DeWalt Thickness Planer DW735X – Best for the Money
This tabletop planer is a little pricey compared to others, but it’s a fantastic tool if you can manage the price. If the planer I use personally in my workshop. While it’s not a budget tool at first glance, I reckon I’ve saved money in the long run by purchasing a higher-quality machine initially.
It has a two-speed gearbox that lets you optimize your feeding speed. You can slow down the feed rate to give the blades some extra time to finish shearing the workpiece or speed things up during a busy day.
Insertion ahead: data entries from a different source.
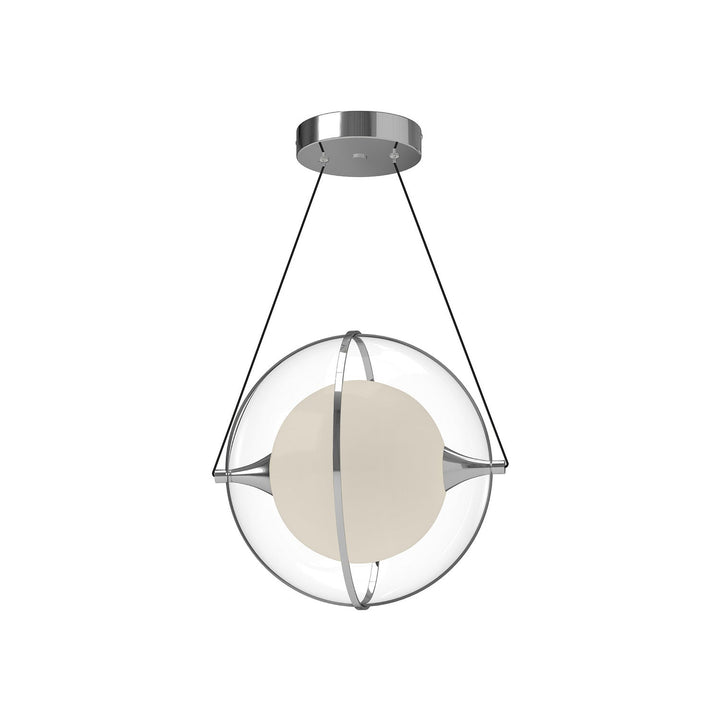 Kuzco Canada - PD76712-CH-UNV - LED Pendant - Aries - Chrome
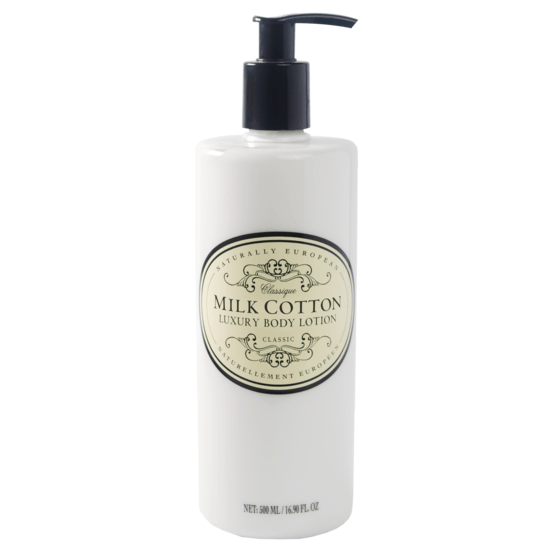 Naturally European Body Lotion Milk Cotton 500 ml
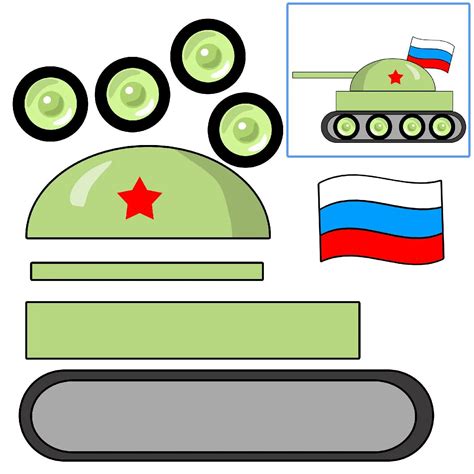 Танк шаблон - красивые фото и картинки - snaply.ru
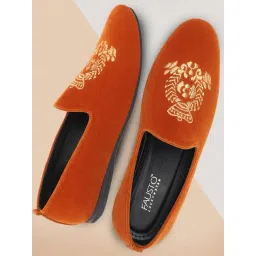 Fausto Men's Tan Casual Loafers-picture-28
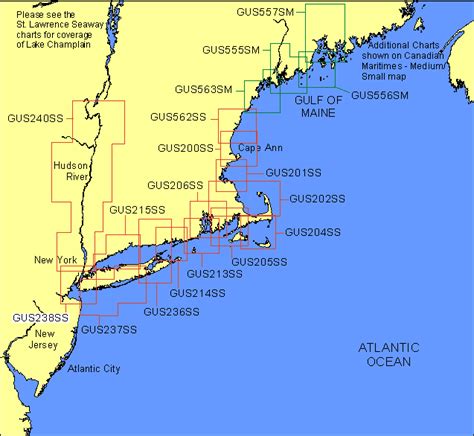 Garmin Offshore Cartography G Charts Northeast Coast Mediumsmall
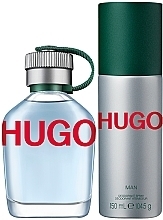Düfte, Parfümerie und Kosmetik HUGO Man - Duftset (Eau de Toilette 75ml + Deospray 150ml)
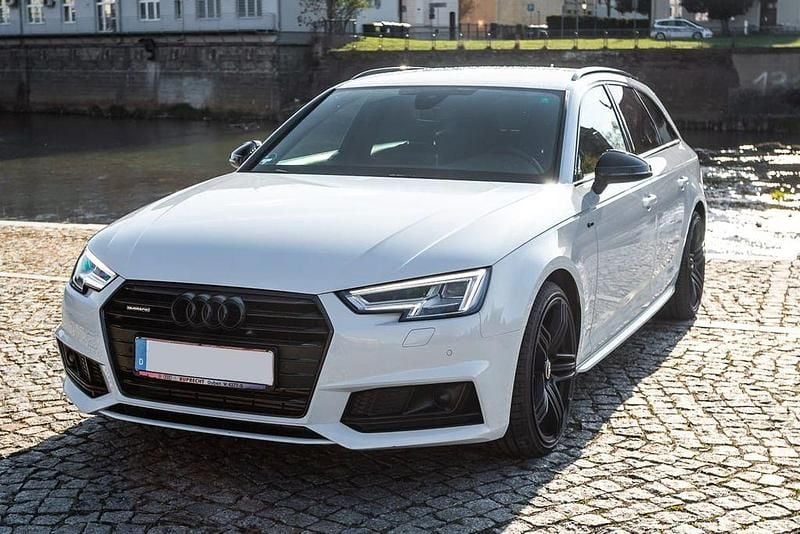 Gebraucht Audi A4 S-Line 218 PS (160 kW) 2018 Weiß Limousine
It features three knife cutter heads and a fan-assisted vacuum that gets rid of wood chips so you can see the workpiece more clearly.
For added stability, the planer comes with an automatic carriage lock that reduces the movement of the stock as it goes through the planer. This is phenomenal when feeding longer stocks into the machine. The turret depth stop knob, which is thick and easy to grasp, has settings that let you go back to the thicknesses you use the most. I really like this aspect, since most boards tend to stick between a few different thicknesses.
Finally, the planer features a material removal gauge (like the Wen Benchtop Planer). All in all, it has everything you could need for just about any finishing job you’ve got in mind.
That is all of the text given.